Déjeuner chez les Dorian, pour les fiançailles d’Ajalbert avec la jolie Mlle Dora Dorian.

En rentrant, je sonne. On tarde à m’ouvrir. Je m’impatiente, et ressonne à casser la sonnette. Apparaît la tête effarée de Blanche, qui me crie : « Le feu est à la maison ! » En effet, à la suite d’un feu de cheminée dans mon cabinet de travail, le feu vient de prendre dans un petit cabinet au-dessus, et Pélagie et sa fille et sa mère, courent affolées par la maison, jetant dans le chéneau des paquets de choses enflammées.
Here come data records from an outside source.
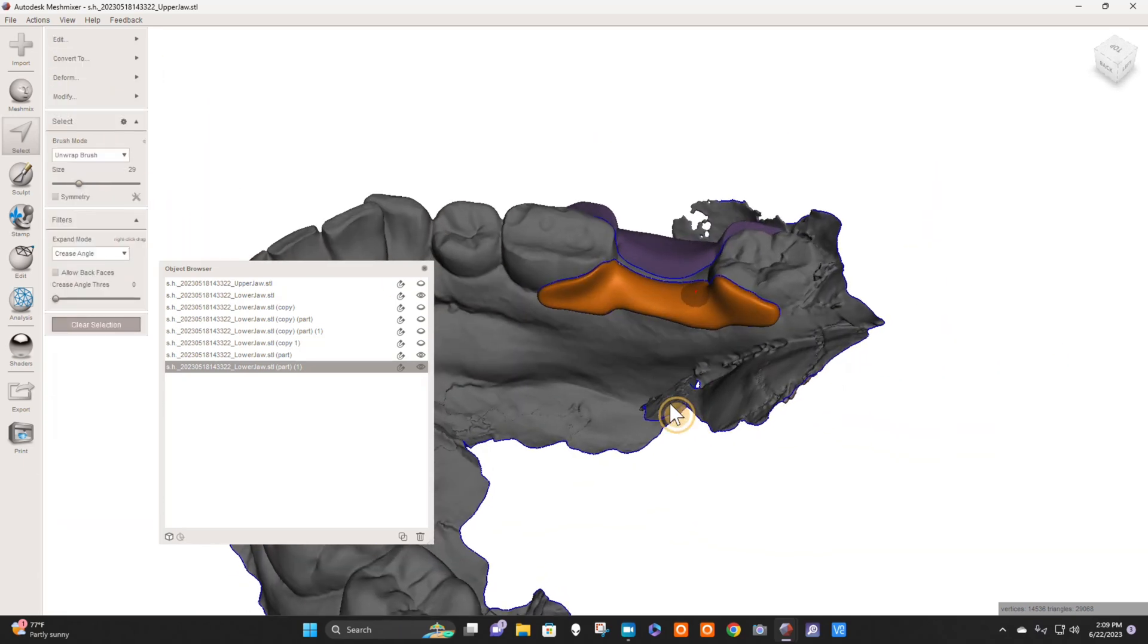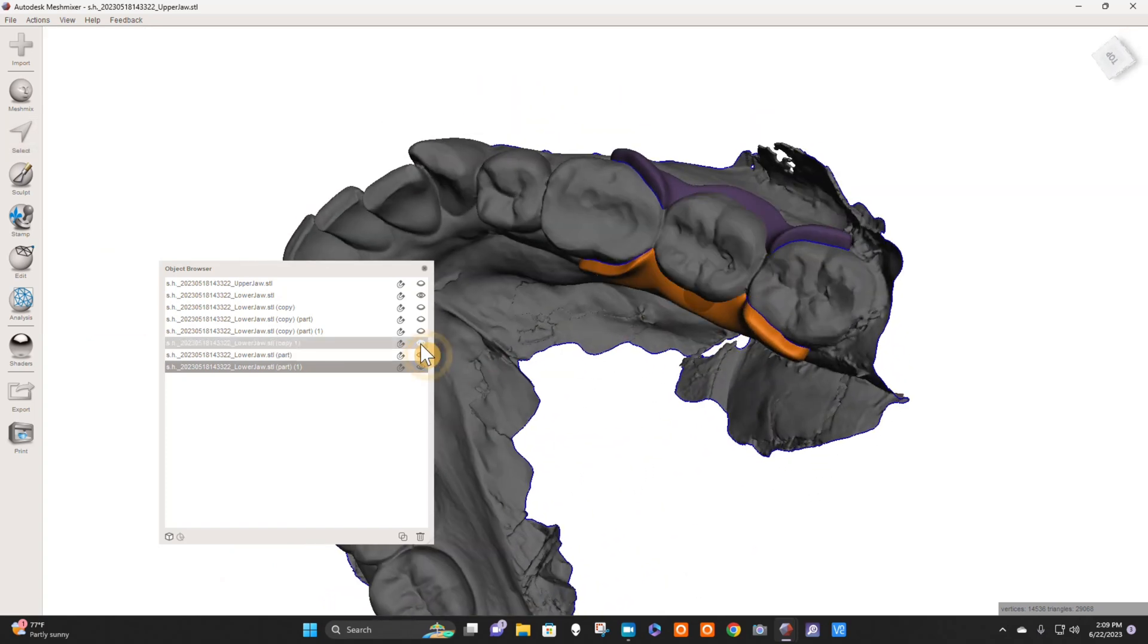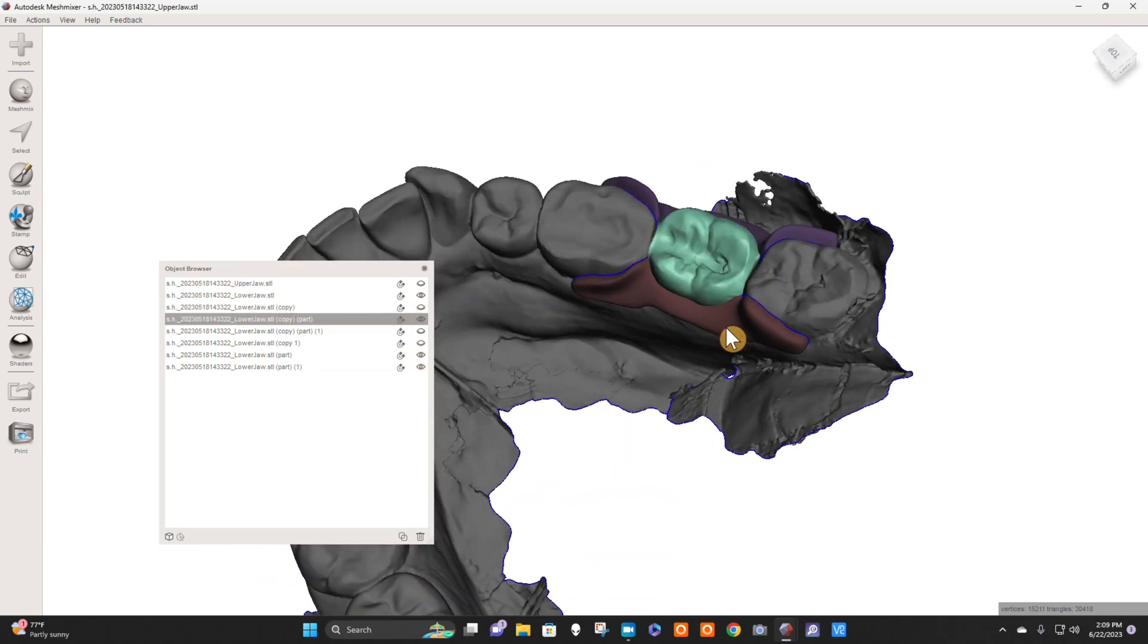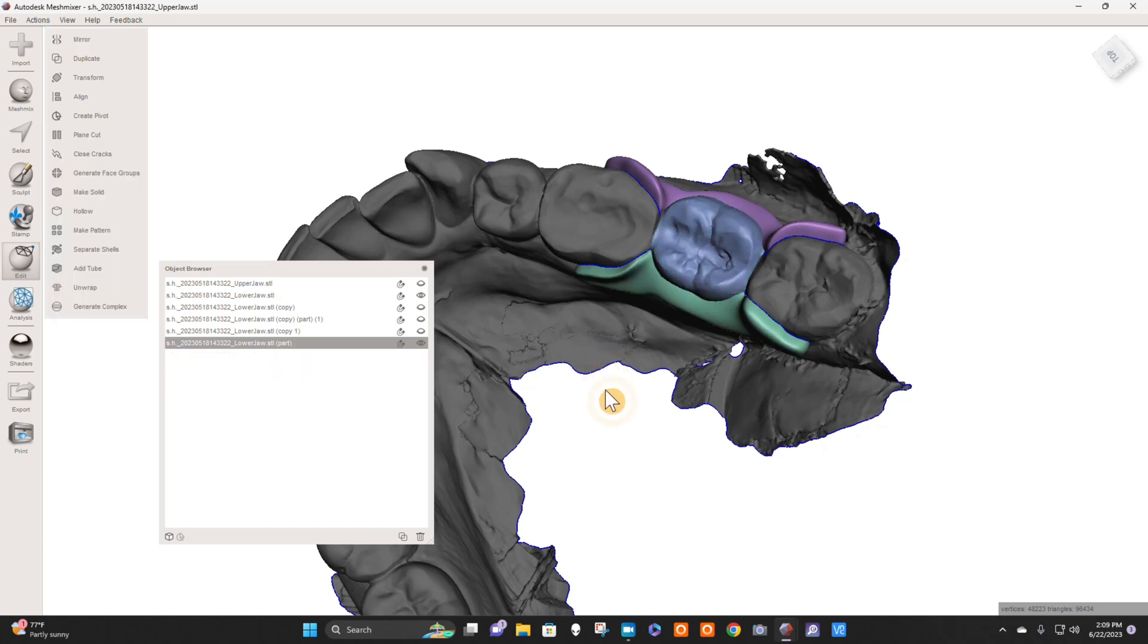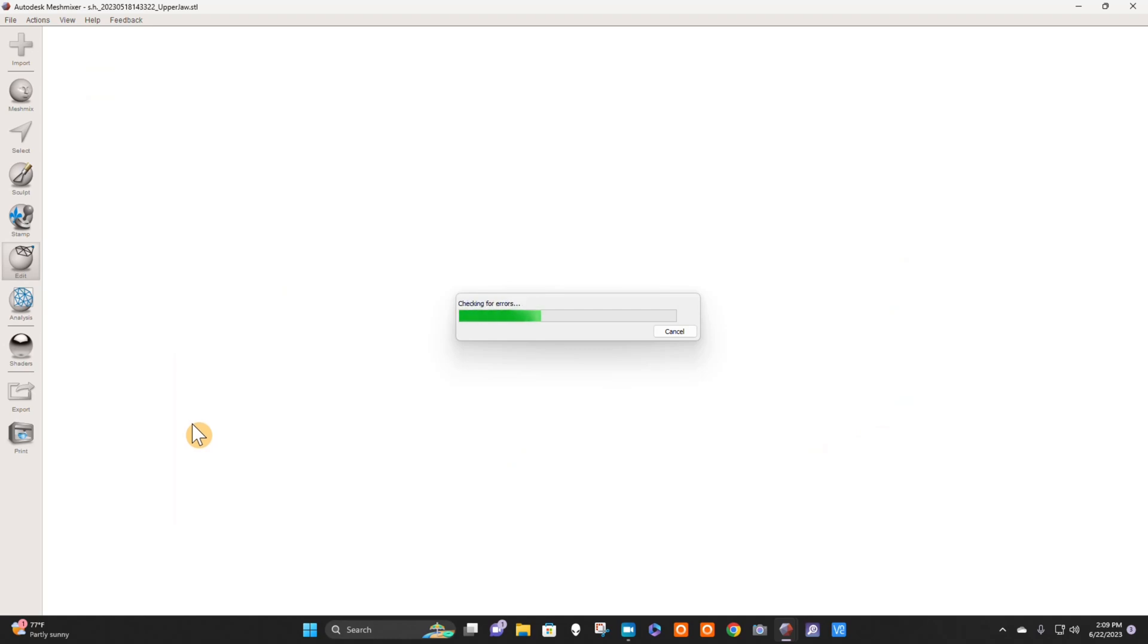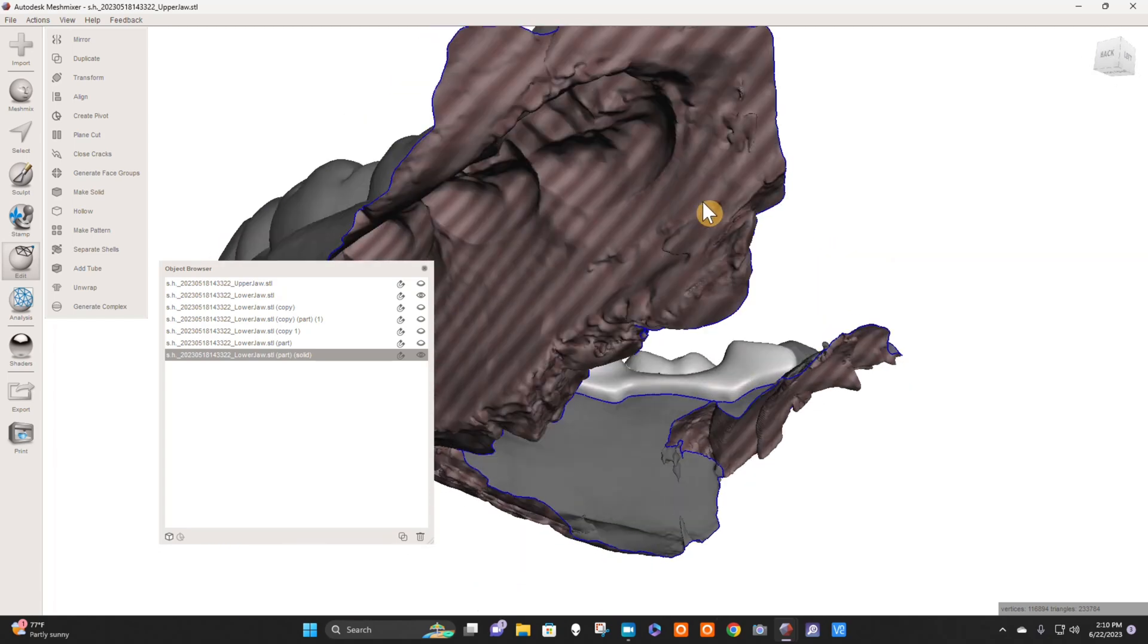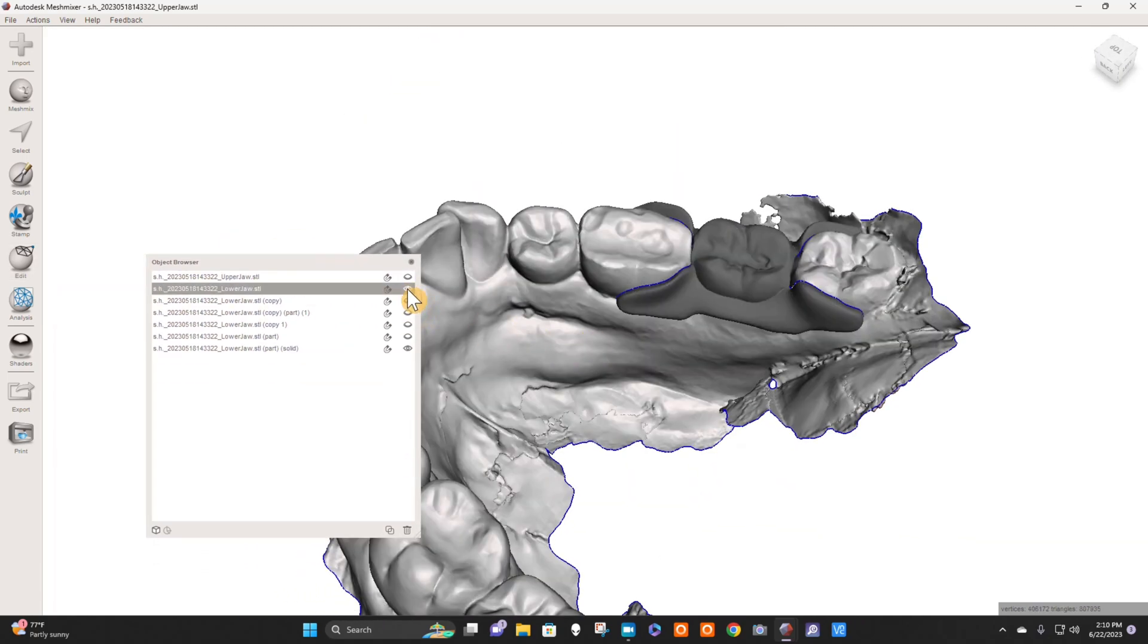There we go. Now I have these two pieces here, and I have my tooth. There's my little tooth, beautiful. So I need to combine these three pieces. So I'm going to hold Ctrl on my keyboard and click these three elements and hit Combine. And then I'm going to go to Make Solid, and I'm going to hit my accuracy in the middle, accurate here, mesh density in the middle, Update, and hit Accept. Now I have a solid mesh here. And the thing that I need to check now is how well it fits.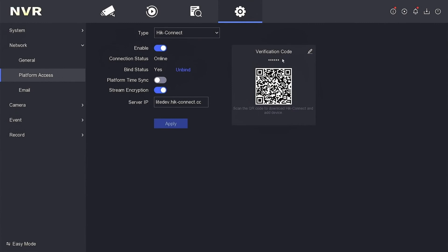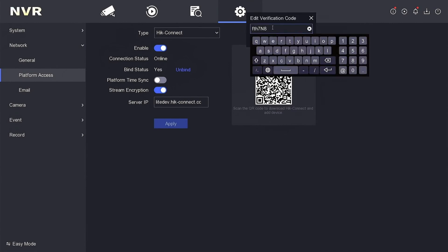Simply click on the edit icon to reveal it. That's it. Now you have the verification code for your Hikvision NVR. Keep it handy for future use.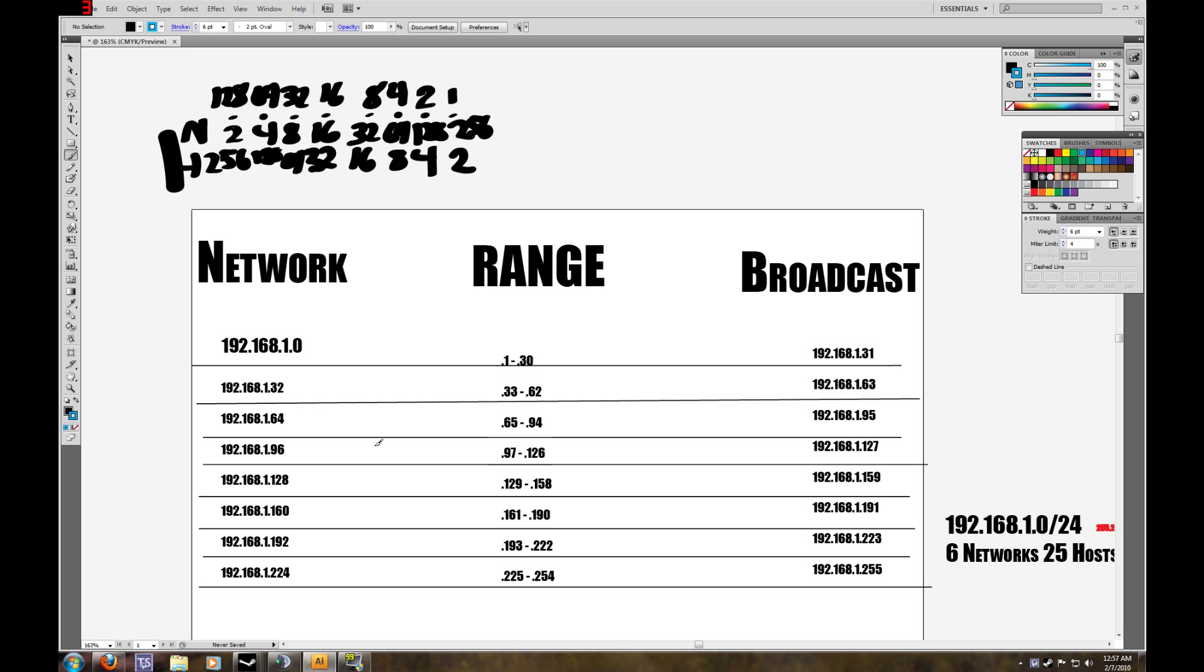So this is still maybe very complicated. It takes some time to understand. But once you get down the understanding of how it works, how to subnet it, it's really easy to do anything.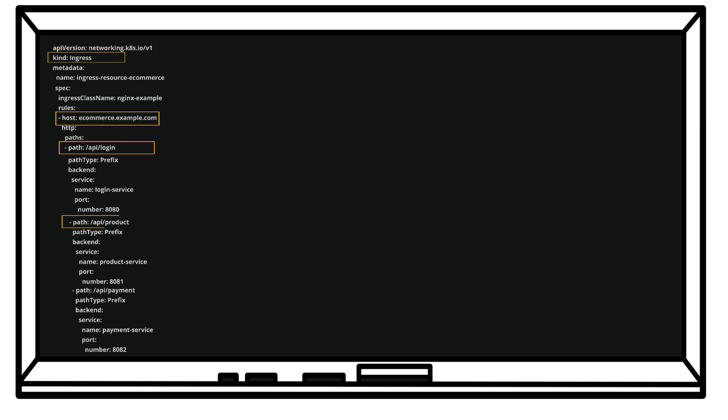And then we have /api/payment for payment service running on port 8082.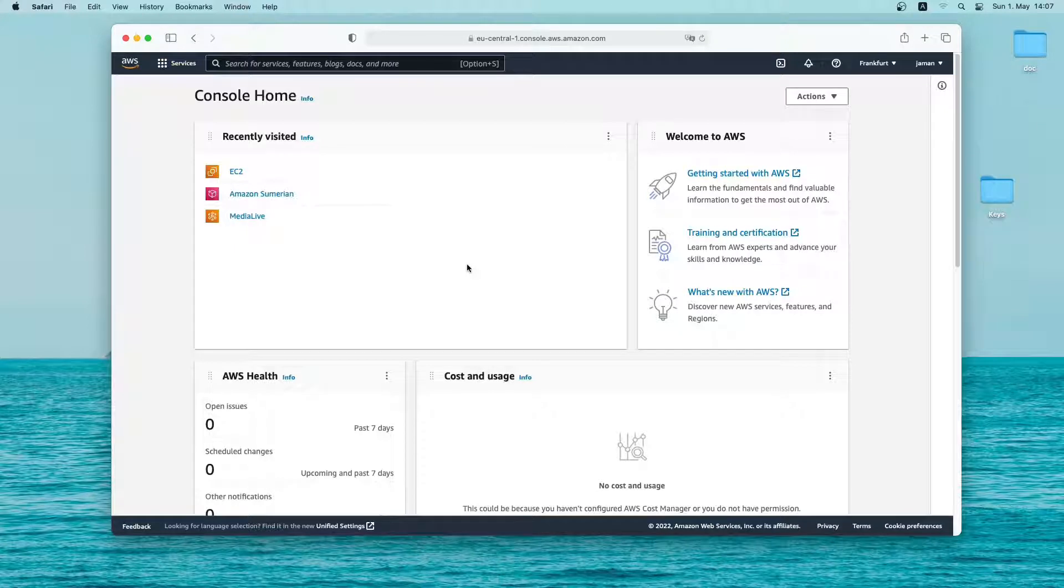Hello everyone, welcome back to another video. Today I'll be showing how you can install a graphical user interface on an Ubuntu instance on Amazon AWS. In my previous video I have already shown how you can install EC2 Ubuntu instance on Amazon AWS. If you have watched that already you can skip ahead of this video. If you haven't yet, just follow along.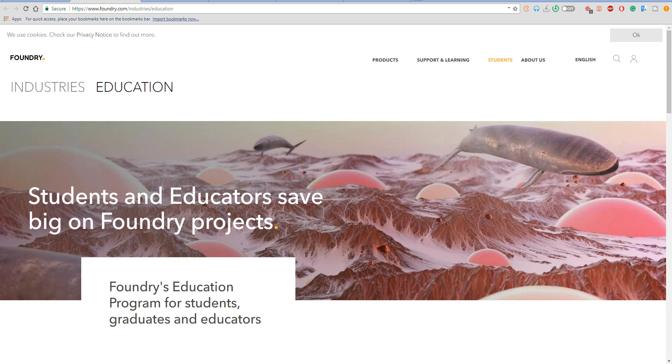Nuke, Mari, Modo, Katana and Kara. The educational licenses are not going to be feature limited, which simply means that the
Les fumistes arrivent et bouchent avec du mortier la cheminée, mais le feu n’est pas éteint, et devant la vapeur de gaz carbonique, qui remplit tout le haut de la maison, ils préviennent les femmes de dormir avec précaution : une jeune mariée ayant été, ces jours-ci, asphyxiée dans ces conditions à Auteuil. Ce qui fait que mon monde ne dort, la nuit, que d’un œil, se relevant de temps en temps, pour aller tâter le mur, et sentir s’il se refroidit.

Ah ! une vilaine soirée, cette soirée dans l’émotion de l’incendie, et cependant j’ai fait tout de même dans cette soirée, les trente lignes sur les pointes-sèches d’Helleu, qu’il m’a demandées pour une exposition à Londres, et qu’il doit venir chercher dimanche.